Sanmartino tenne poco conto del precedente bozzetto dello scultore veneto. Come nella Pudicizia, anche nel Cristo velato l’originale messaggio stilistico è nel velo, ma i palpiti e i sentimenti tardo-barocchi di Sanmartino imprimono al sudario un movimento distante dai canoni del Corradini. Come riporta il testo sull’opera del Museo di San Severo, la moderna sensibilità dell’artista scolpisce, scarnifica il corpo senza vita, che le morbide coltri raccolgono misericordiosamente, sul quale i tormentati, convulsi ritmi delle pieghe del velo incidono una sofferenza profonda, quasi che la pietosa copertura rendesse ancor più nude ed esposte le povere membra, ancor più inesorabili e precise le linee del corpo martoriato.
Napoli, Cappella Sansevero
L’arte di Sanmartino si risolve qui in un’evocazione drammatica, che fa della sofferenza del Cristo il simbolo del destino e del riscatto dell’intera umanità.

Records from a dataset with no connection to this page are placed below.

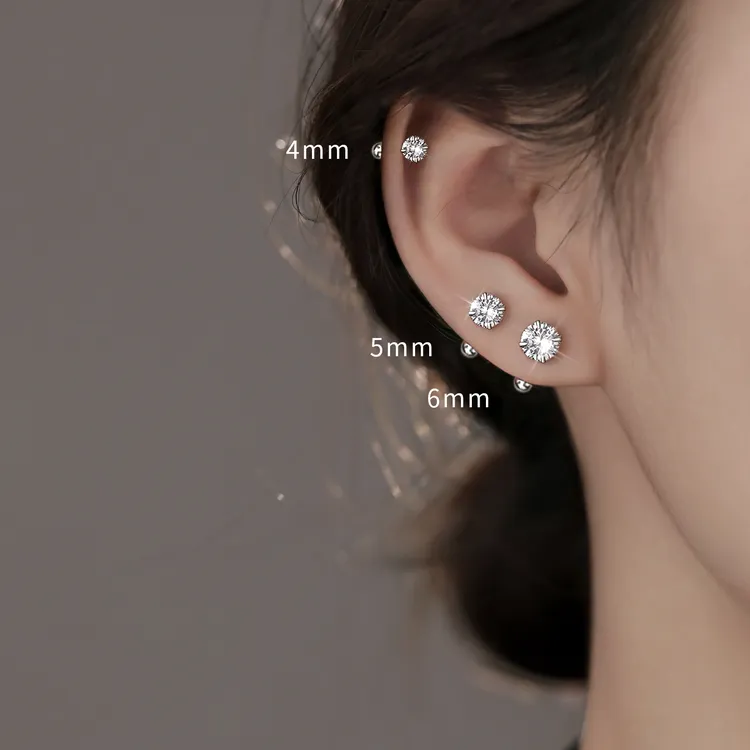 足银合成锆石耳饰 999纯银闪钻耳钉女款养耳洞免摘耳骨钉小众百搭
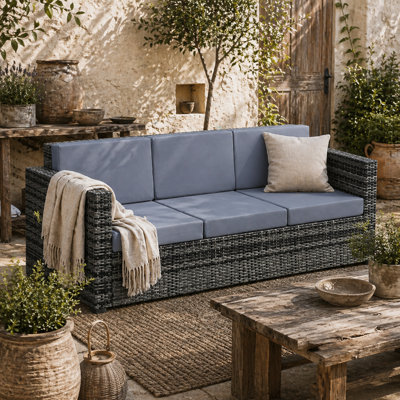 Wyld Haus Neloro Mixed Grey Pe Rattan 3-Seater Outdoor Sofa With CushionsL185 X D70 X H80Cm from B&Q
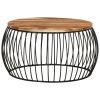 Coffee Table Ã˜26.8" Solid Acacia Wood - Brown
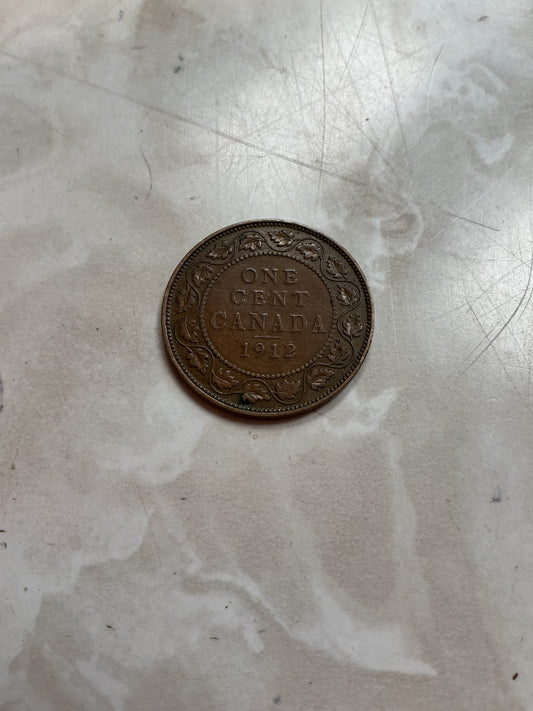 1912 Canada ;One 1 Cent George V Large Penny Coin. Ungraded .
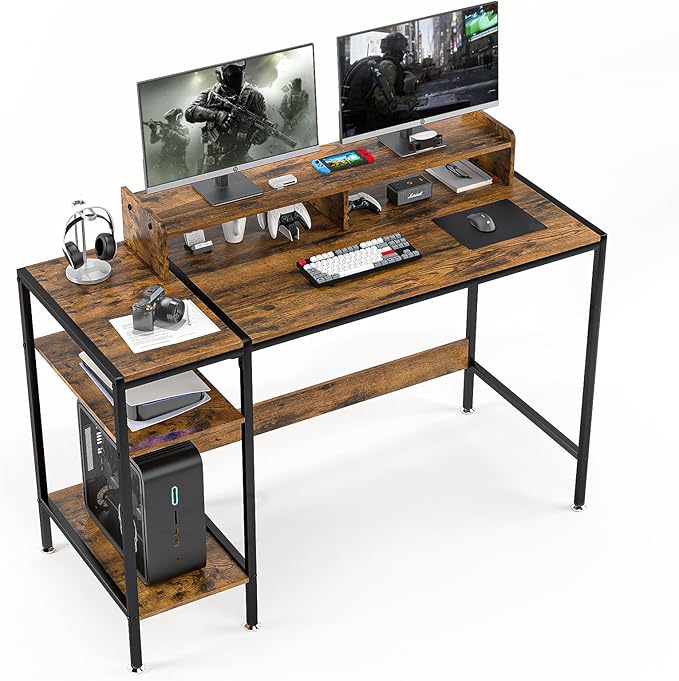 Computer Desk Gaming Desk with Monitor Stand, Home Office Desk Suitable by VivomexisAura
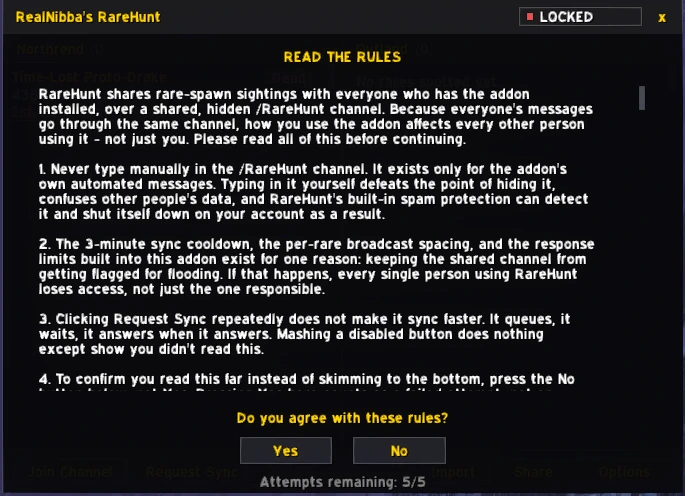 RareHunt's rules screen, with Yes and No buttons and an attempts-remaining counter reading 5/5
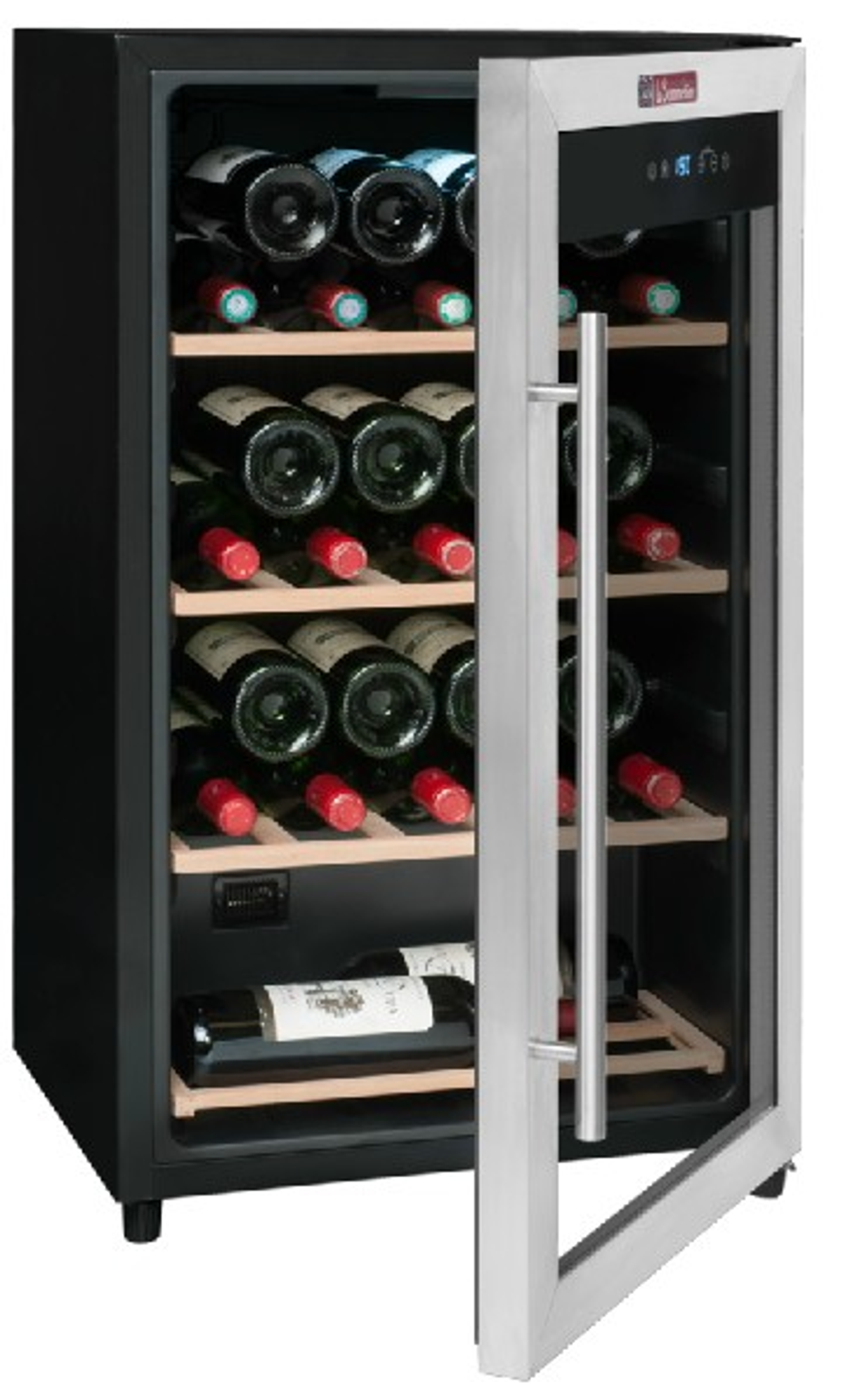 Vinoteca Sommeliere Ls36a 36 botellas 4 bandejas led negro la sommelière para e inox mandos 3botellas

La magistrale resa del velo, «fatto con tanta arte da lasciare stupiti i più abili osservatori» (come disse lo stesso principe di Sansevero), ha nel corso dei secoli dato adito a una leggenda secondo cui il committente, il famoso scienziato e alchimista Raimondo di Sangro, avrebbe insegnato allo scultore la calcificazione del tessuto in cristalli di marmo. Molti visitatori della Cappella, colpiti dal velo scolpito, lo ritengono a torto esito di una “marmorizzazione” alchemica effettuata dal principe. Secondo la leggenda Di Sangro avrebbe poggiato sulla statua un velo vero che poi si sarebbe nel tempo marmorizzato attraverso un processo chimico.
In realtà una attenta analisi non lascia dubbi sul fatto che l’opera sia stata realizzata interamente in marmo.
Lo stesso di Sangro, in alcune lettere, descrive il velo come realizzato dallo stesso blocco della statua, senza l’utilizzo di alcun espediente alchemico.